E sabem o que é mais interessante naquela carta? É que é
tudo verdade, enquanto denúncia de uma cisão ontológica entre aquilo que o
Bloco é e aquilo que ele diz ser. Uma e outra coisa nunca coincidem na
perfeição, nem em partidos, nem em pessoas, mas no caso do Berloque de Esquerda
a distância começa a ser demasiado grande, e nem todos os militantes têm a
elasticidade necessária para tão exigente espargata. É o caso dos 26
signatários da carta, que finalmente se deram conta de que o partido
revolucionário e radical em que eles militavam sucumbiu à influência moderadora
do PS e ao desejo (perfeitamente legítimo e saudável, sublinhe-se) de ocupar um
lugar no governo da nação.
Como é óbvio, para concretizar esse desejo de poder é
preciso fazer compromissos, e os verdadeiros radicais não fazem compromissos.

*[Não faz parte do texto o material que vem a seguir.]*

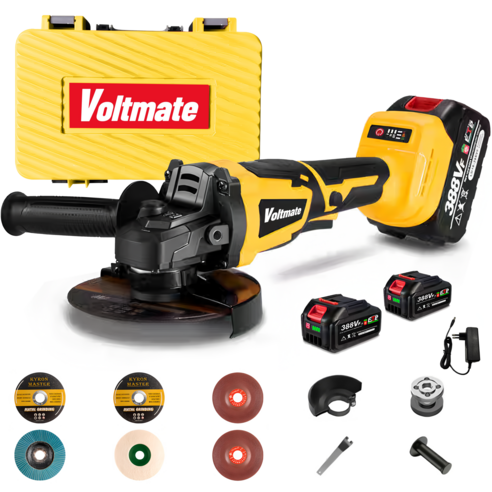 VoltMate 독일 21V BLDC 무선 충전식 125mm 전동 브러시리스 그라인더 3단 조절 가능 전력량 표시 연마기/광택기 3000mAh 배터리 2개 세트, 노란색, 1세트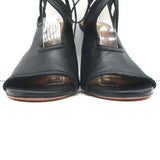 Aquazzura Sexy Thing Cutout Booties Black Leather Size 37.5 Open Toe Heels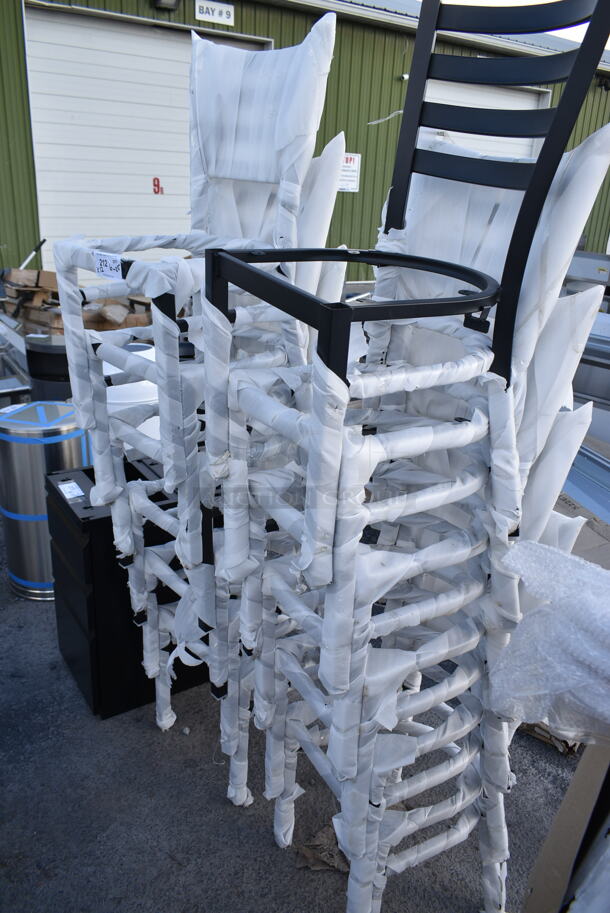12 BRAND NEW SCRATCH AND DENT! Lancaster Table & Seating 164CMTLADFR Black Metal Dining Height Chair Frame w/ Ladder Back. No Cushions. 12 Times Your Bid! - Image 5 of 6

Por isso, os 26 signatários afirmam a necessidade “da clarificação política
entre uma esquerda com um projecto radical para a sociedade e outra paliativa
em que o resultado da sua acção é a integração no sistema que deveria
combater”. Denunciam “o caminho de institucionalização dos últimos anos” que
obrigaram o partido ao “tacticismo de decisões” e ao “jogo da comunicação na
sua forma burguesa”. Um tacticismo que tem naturalmente levado o Bloco a
“abdicar de posições claras”, com destaque para “a questão da renegociação da
dívida externa, que era central e incontornável com o governo anterior”, e que
agora foi “transformada em mero pormenor retórico que não perturba o apoio a um
governo que perpetua a austeridade”. Tudo isto é verdade e já foi dito muitas
vezes pela direita – tem muito mais graça quando é confirmado pela esquerda.

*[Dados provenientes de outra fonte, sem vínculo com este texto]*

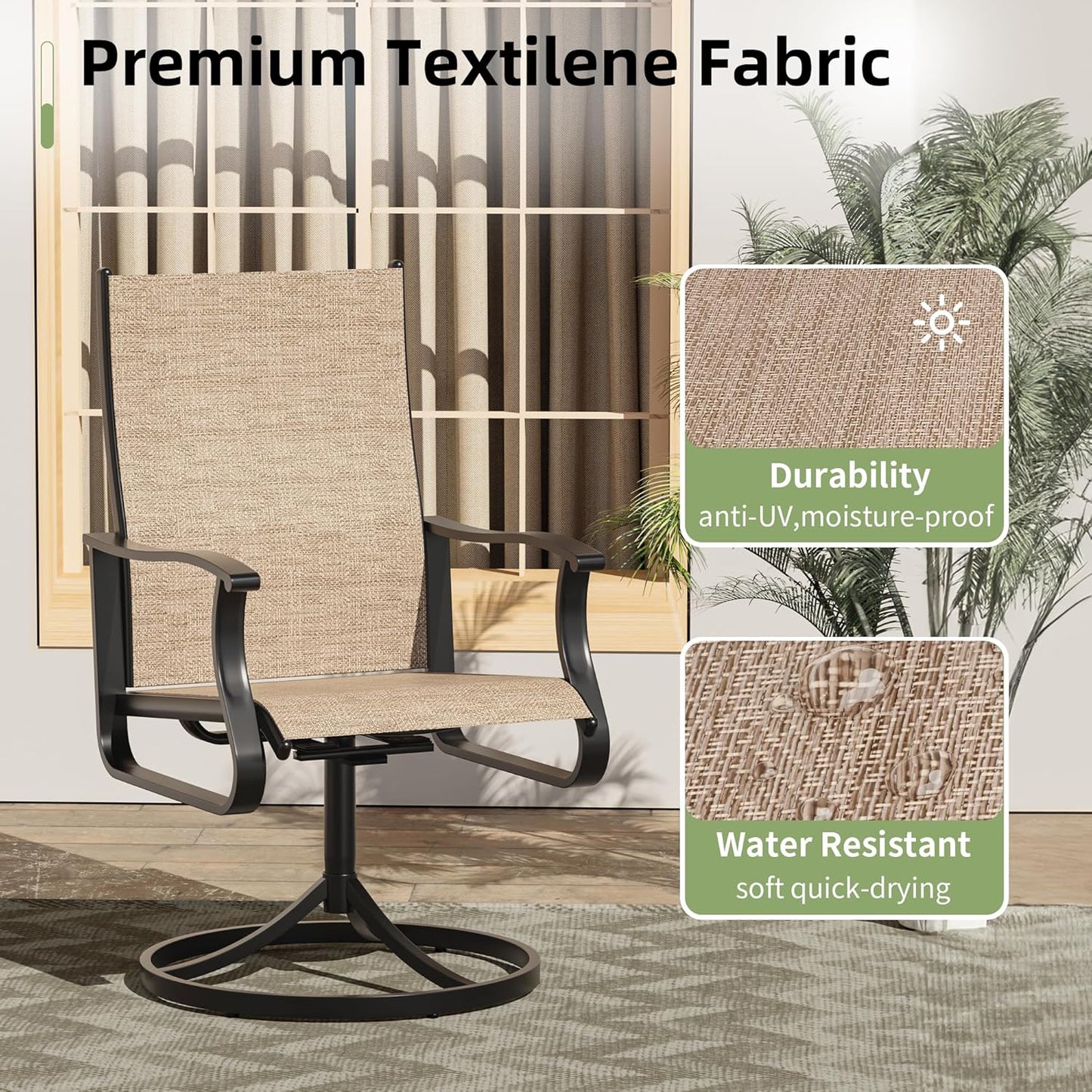 Amopatio Outdoor Patio Swivel Dining Chairs Set of 2, 360° Swivel Outdoor Chairs, All Weather Outdoor Swivel Chairs with Textilene Mesh and Rust-Proof Steel Frame, for Backyard, Garden & Porch,Brown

É particularmente divertido ver ex-militantes do Bloco
acusarem o partido de varrer “o projecto revolucionário para debaixo do tapete,
numa tentativa de ganhar respeitabilidade”, e não lhe perdoarem a adopção de um
“conformismo fatalista que transforma o capitalismo no único sistema possível e
a sua alternativa socialista em utopia alucinada”. A carta – que, de resto, é
consequência natural de uma moção apresentada no último congresso, intitulada
“Um Bloco que não se encosta” – mostra basicamente que o Bloco se encostou. Ou
seja, que o Bloco de Esquerda se transformou, para grande infelicidade destes
militantes, no Berloque de Esquerda. Um berloque que eles não querem usar.

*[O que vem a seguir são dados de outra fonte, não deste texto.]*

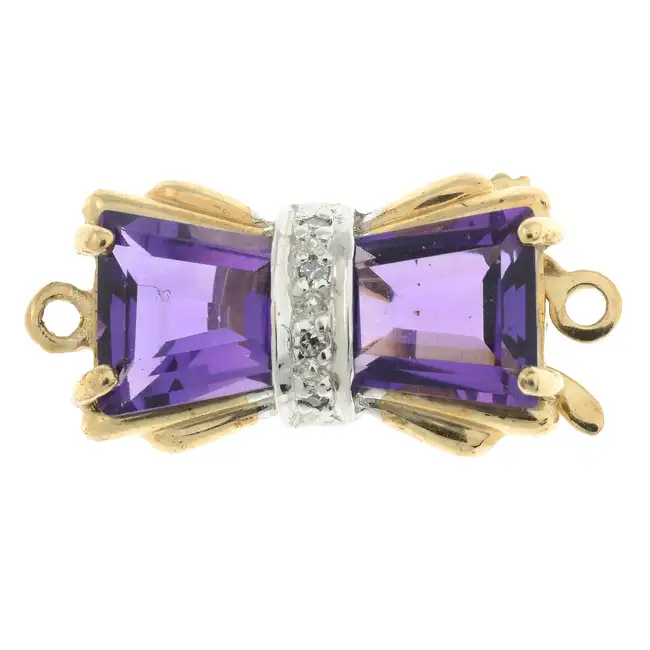 Amethyst & diamond bow clasp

A médio prazo, esta atitude pode ter uma consequência
curiosa: o aparecimento de novas formações de esquerda radical, em mais uma
fragmentação do espectro partidário português, só que agora na ponta oposta.
Ainda que por enquanto seja apenas uma hipótese teórica, ela pode ser
suficientemente forte para marcar a estratégia dos partidos à esquerda do PS.
Nos próximos meses, manter António Costa à distância certa vai ser uma tarefa
árdua. Bloco ou Berloque, eis a questão.